Complete question is;
a. Two equal sized and shaped spheres are dropped from a tall building. Sphere 1 is hollow and has a mass of 1.0 kg. Sphere 2 is filled with lead and has a mass of 9.0 kg. If the terminal speed of Sphere 1 is 6.0 m/s, the terminal speed of Sphere 2 will be?
b.
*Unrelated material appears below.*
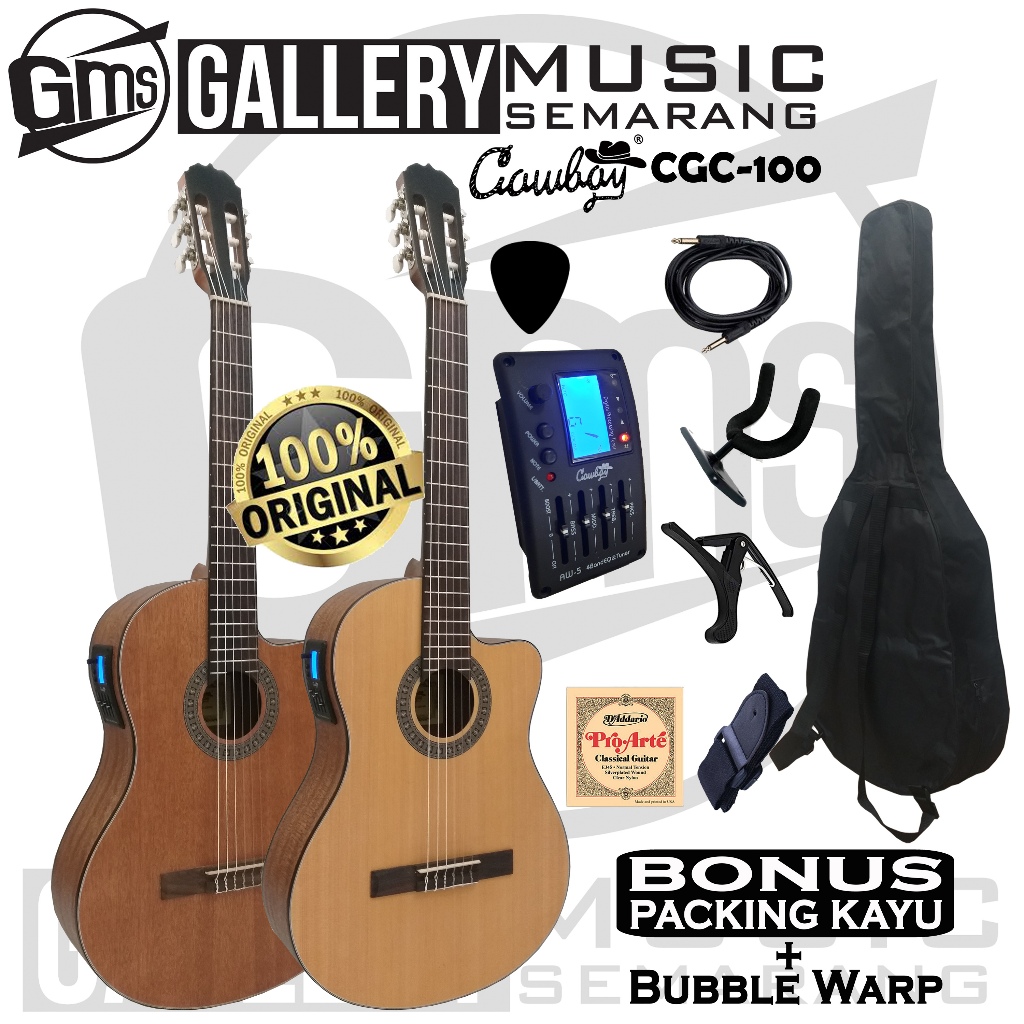 ORIGINAL Gitar Klasik Elektrik Import Merk Cowboy CGC-100 NA CGC 100NS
The cross sectional area of Sphere 2 is increased to 3 times the cross sectional area of Sphere 1. The masses remain 1.0 kg and 9.0 kg, The terminal speed (in m/s) of Sphere 2 will now be
Answer:
A) V_t = 18 m/s
B) V_t = 10.39 m/s
Step-by-step explanation:
Formula for terminal speed is given by;
V_t = √(2mg/(DρA))
Where;
m is mass
g is acceleration due to gravity
D is drag coefficient
ρ is density
A is Area of object
A) Now, for sphere 1,we have;
m = 1 kg
V_t = 6 m/s
g = 9.81 m/s²
Now, making D the subject, we have;
D = 2mg/((V_t)²ρA))
D = (2 × 1 × 9.81)/(6² × ρA)
D = 0.545/(ρA)
For sphere 2, we have mass = 9 kg
Thus;
V_t = √[2 × 9 × 9.81/(0.545/(ρA) × ρA))]
V_t = 18 m/s
B) We are told that The cross sectional area of Sphere 2 is increased to 3 times the cross sectional area of Sphere 1.
Thus;
Area of sphere 2 = 3A
Thus;
V_t = √[2 × 9 × 9.81/(0.545/(ρA) × ρ × 3A))]
V_t = 10.39 m/s